Matt and Megan were so far behind Phil beat them to the plowing challenge.

That challenge, like the others, was not complicated enough to allow for a six-hour difference. While one team mentioned this would be a needle-in-haystack situation, it was more of a clue-in-obvious-same-spot-for-all-teams situation.

The hockey challenge—one of two Roadblocks—definitely tripped up some teams, though others breezed through, like Kristine hitting a goal on her first attempt.

That Roadblock’s clue card read, “Who wants to light the lamp?” and for the rest of the episode I couldn’t get this out of my head:

I also couldn’t get out of my head how annoying it is that three strong teams, including two teams of young men/brothers, have formed an alliance so tight it means they delay themselves to help each other. On a race!

Jag told us, “This is not Big Brother,” which I knew because the game doesn’t appear to be produced by a group of rabid squirrels, but the players are acting as if they’re on Big Brother.

For one, as Joseph said, “The Big Brother twist of this game is clearly showing right now because everyone is trying to make a move without being the face of the move.”

That was referring to the Driver’s Seat, which returned along with a flashback to that awful Jonathan from TAR 37. Of the three teams who arrived first—the newly christened “Train Wreck Alliance,” at least according to my subtitles which made trainwreck into two words—no one wanted the responsibility.

Jag and Jas were worried people would view them as even more of a threat. So what? You’re winning each leg easily. No one’s voting you out.

Natalie and Stephanie ended up taking the Driver’s Seat, and assuming that they were assigning tasks based on physical labor. Nope!
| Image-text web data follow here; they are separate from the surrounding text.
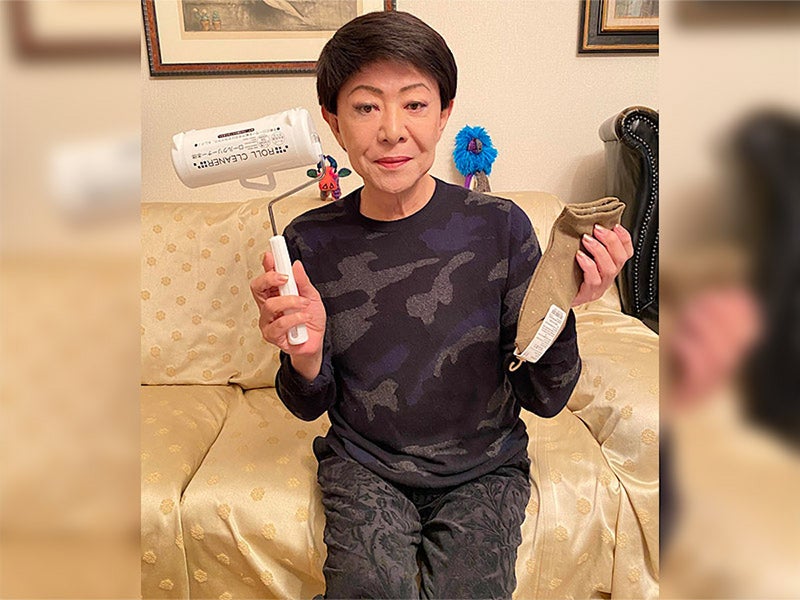 【写真】粘着クリーナーと靴下を持つ美川さん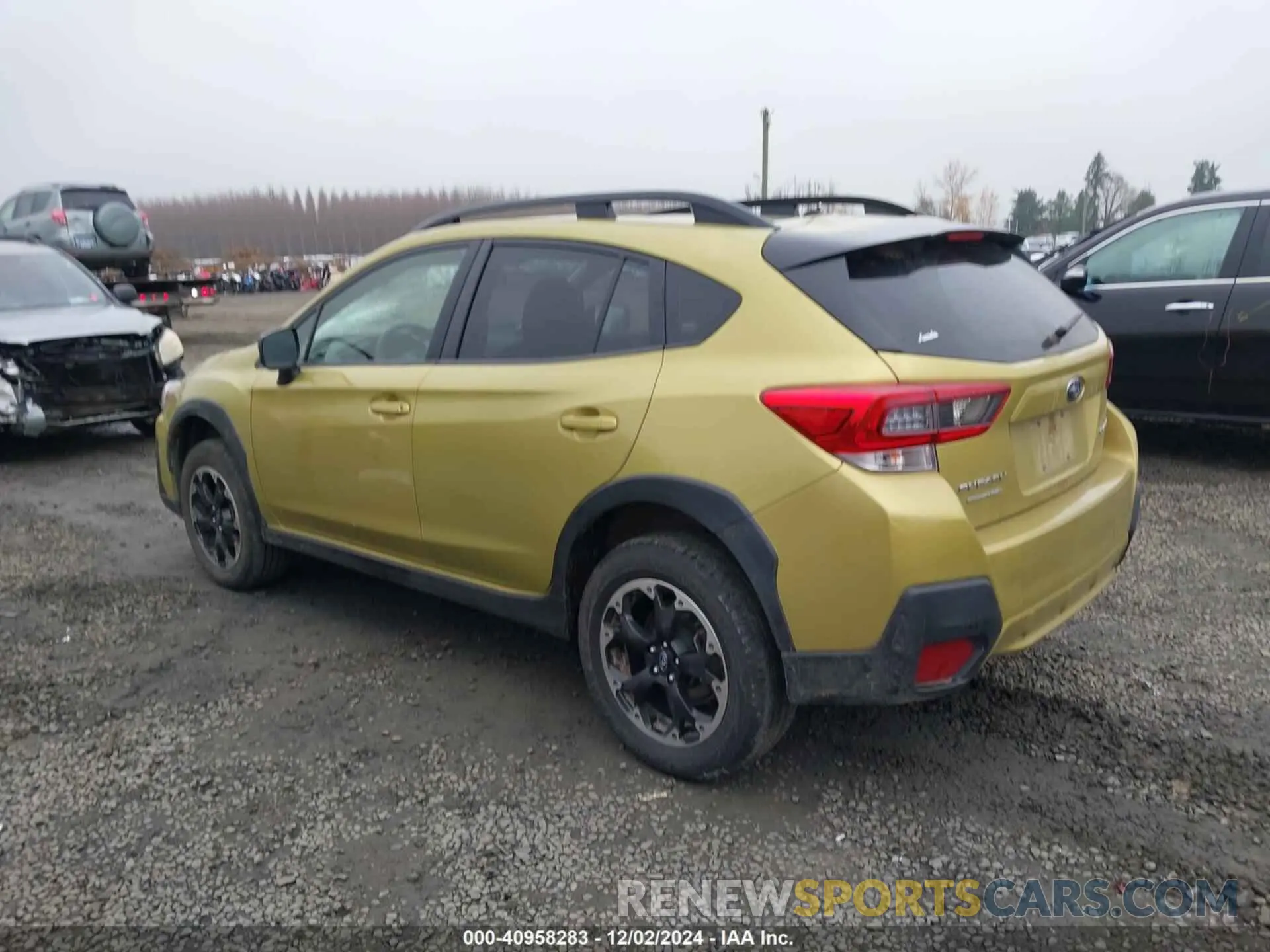 3 Фотография поврежденного автомобиля JF2GTAAC8PG319427 SUBARU CROSSTREK 2023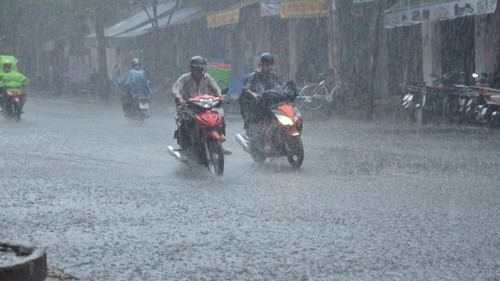 Dự báo thời tiết: Vùng áp thấp gây mưa lớn, dông mạnh trên Biển Đông và đất liền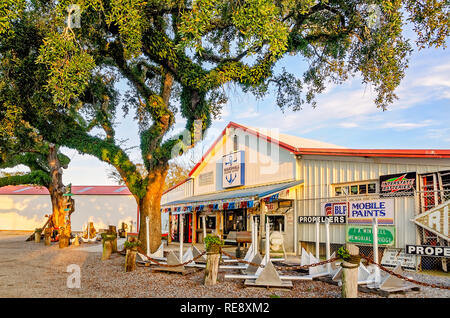 Südliche Live Eichen Flanke Marshall Marine Supply, 23 Dezember, 2018, in Bayou La Batre, Alabama. Stockfoto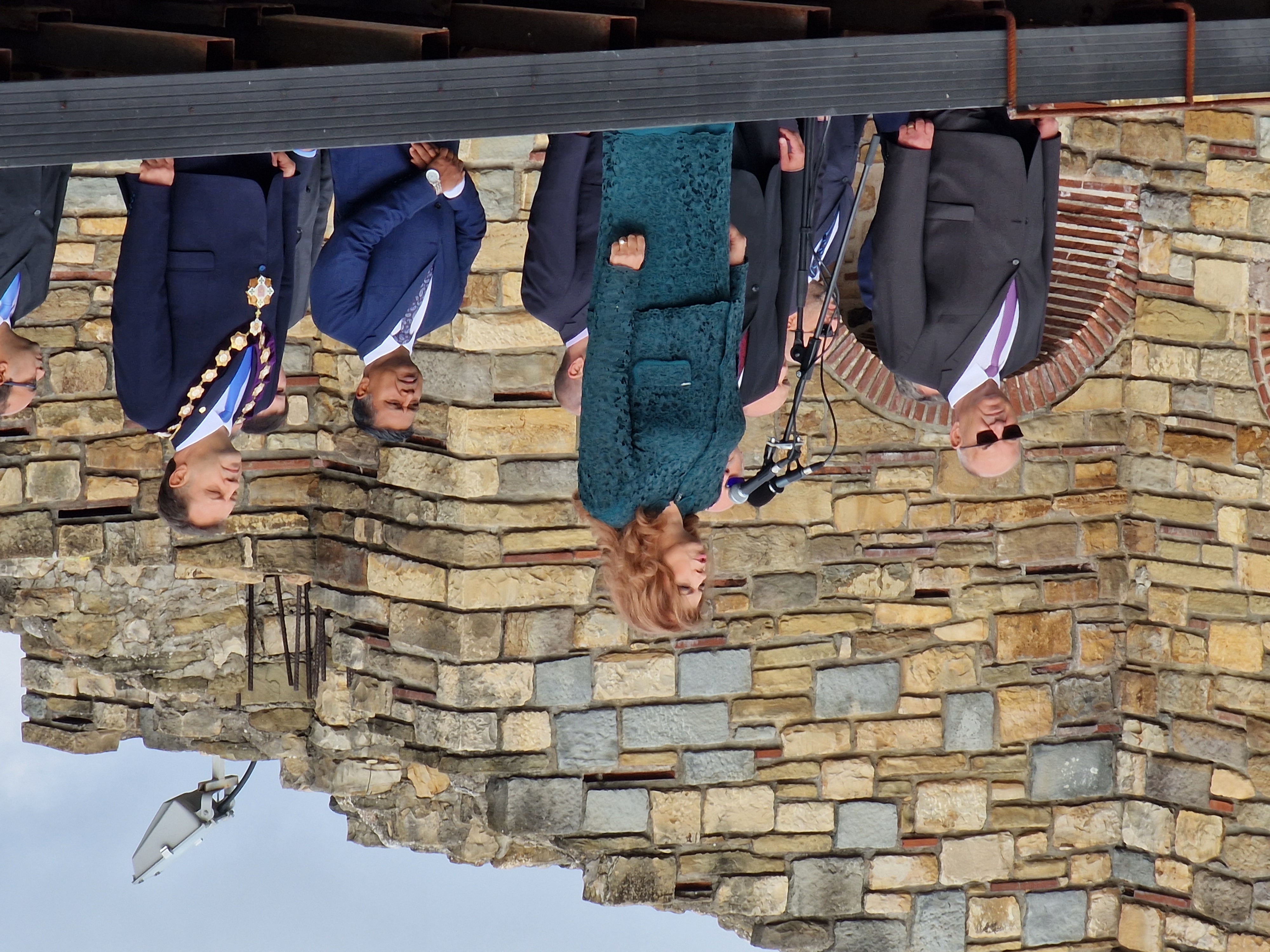 Вицепрезидентът Илияна Йотова: Да загърбим омразата и презрението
Turns out that Roadblock was about precision and patience, not brute force or speed.

Kudos to the challenge producers for creating a challenge that made Big Brother players feel right at home: if they filled the beer bottle incorrectly, it ejaculated foam all over them.

After that, I’m sure they all smelled like a frat house.

There were missteps—Adam and Joseph lost their car keys in the field (!), Kristine and Rubina missed the turn to the field and saw the finish line first, Tucker and Eric pulled ahead of Adam and Joseph. (Question about Adam’s pants: are they painted on or what?)

But none of that was enough to create movement in this spread-apart pack. Jas and Jag arrived at the pit stop first for the third episode in a row, but decided they’d let Natalie and Stephanie take the win.

That’s annoying. They’re doing well: take the win! Their argument, in the post-leg interview, was that it takes heat off of them. Um, no: Everyone will know you stood aside and let another team go ahead, which at the very least seems over-confident.

What was most funny/frustrating about that moment was they decided to let Natalie win, but before they could even offer, Natalie suggested it!

“You guys want to give us first so that you don’t…?” she said, and then found out they were giving her an early birthday present, which changed her tune. “I love you both! You’re really giving this to me for my birthday?”

The birthday gift: $2,500 each that they can enjoy after the race, i.e. roll around it naked, as one does with cash.

On the mat, Phil said, “It’s your birthday today?” and Natalie said, “tomorrow,” at which point I wish Phil would have been like, The fuck? What are you all doing here? This is The Amazing Race. A RACE. LET’S GO PEOPLE LET’S GO!!!